朝、学校に行く前。理緒は、昨日香苗にしてもらったように、髪を結んだ。


「 髪が、今より伸びたらまた、髪型変えなきゃいけないな。 」


( 杏子に、髪弄らせてって、その内言われそうだなあ。)


理緒は、毎朝、ハグしながら頭を撫でます杏子を思い浮かべながら、心の中で呟く。


朝食を済ませて、学校に向かう理緒の後ろから、ダダっという足音が聞こえる。


「 おはよう。
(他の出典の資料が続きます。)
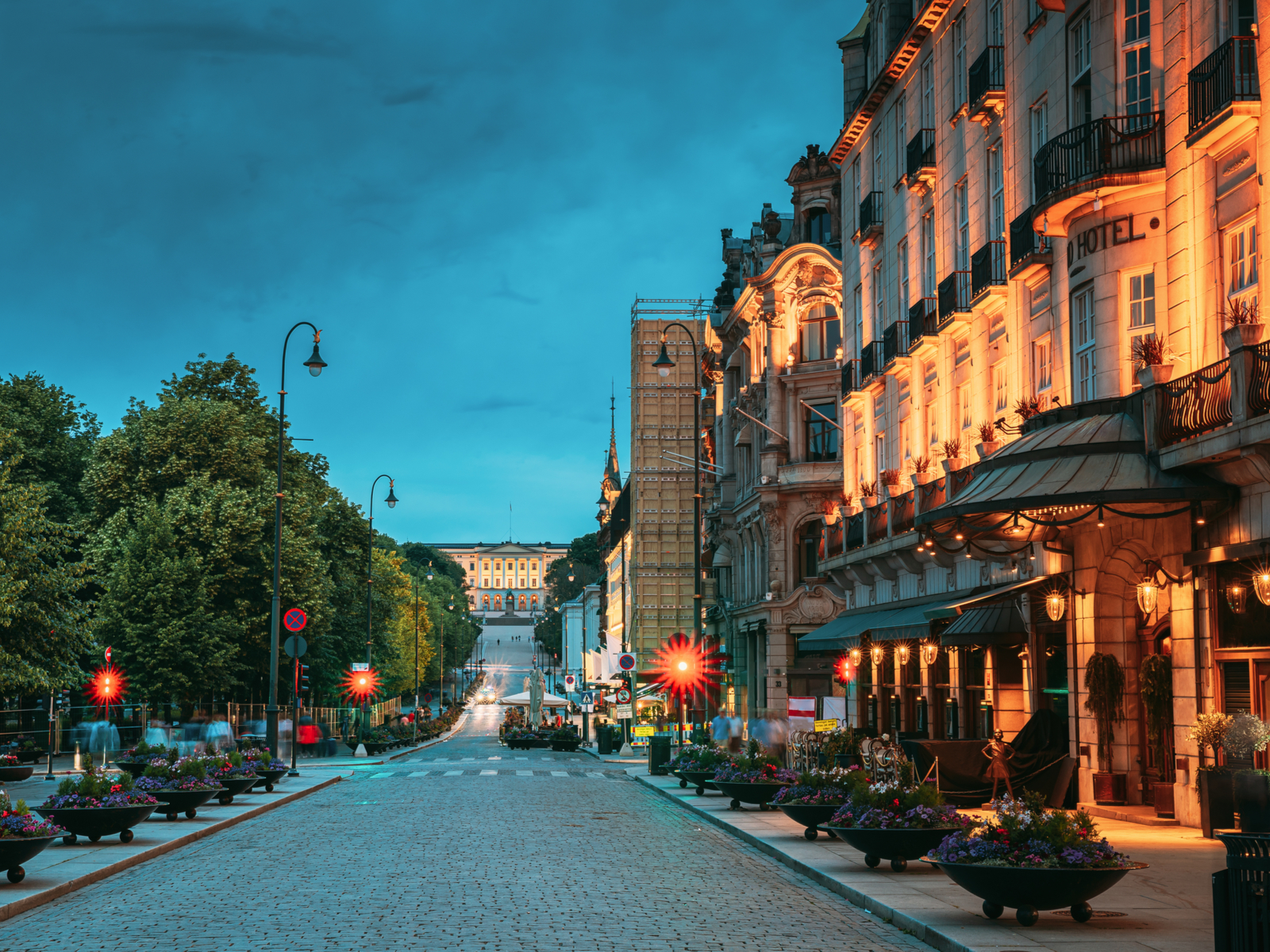 Old town Oslo pictured at night with lighted buildings during the least busy time to visit Norway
理緒。今日は、一段と可愛い。」


ムギュっと、杏子が抱きつく。


「 んにゃ、おはよう。杏子 。」

「 可愛いね。どうしたの、この髪。」

「 昨日、お母さんに教わった通りに、結んだの。伸びかけで、邪魔だから。」

「 そうなんだ。 ねぇ、このまま学校行っちゃ駄目?」

「 駄目。 俺が、歩けない。」

「 そうだね。」


杏子は、理緒から離れる。二人は、並んで歩きはじめた。


「 桜庭。理緒の髪を見たら、どんな、反応みせるかな?」

「 さあ? 似合わないとか言うんじゃない。」

「 えー いくら、なんでもそんな事言わないでしょ。」

「 言わないと思うけど、涼は、嘘言わないから。」

「 確かに。馬鹿がつくくらい、正直者だからね。」


二人は、そんな会話を交わしながら、学校の門をくぐった。



「 おはよう。」


杏子が挨拶しながら、教室に入る。理緒は、杏子の後ろをトテトテとついて、入る。


ちなみに、身長140センチジャストの理緒が、歩く姿は、可愛いのでクラスメイト全員の癒しになっている。


「 林原さん。今日は、一段と可愛いんだけど」

「 小動物だよ。小動物。ウサギとかリスとか。」


クラスメイトは、本人に聞こえないよう話してるつもりだが、理緒の耳にはしっかり届いてる。身長が、低い事を気にしてる理緒からすれば、皆が、言う。可愛いや小さいは、悪口に聞こえてしょうがない。


理緒は、ムスッとした顔で、自分の席についた。


「 おはよう。理緒。可愛い髪にしてるのに、なんでそんなに機嫌悪いんだ?」


理緒の目の前に、涼が現れてそんな事を言う。


「 だって、皆が小さいとか可愛いって言うだもん。」

「 誉められてるんだから、いいじゃないか。」


涼は、理緒を諭すように、話す。


「 俺に、小さいとか言っていいのは、涼だけだもん。他の人に言われたらムカつくの。」

「 何気に、嬉しい事言ってくれるけど、小さいとか言われて、怒っちゃ駄目だからな。」

「 分かってるもん。そんな事。」


( 桜庭。お前一人で、林原さん占領してんじゃねーよ。)


二人のやり取りを見ながら、その場にいたクラスメイト全員は、そう思ったとか。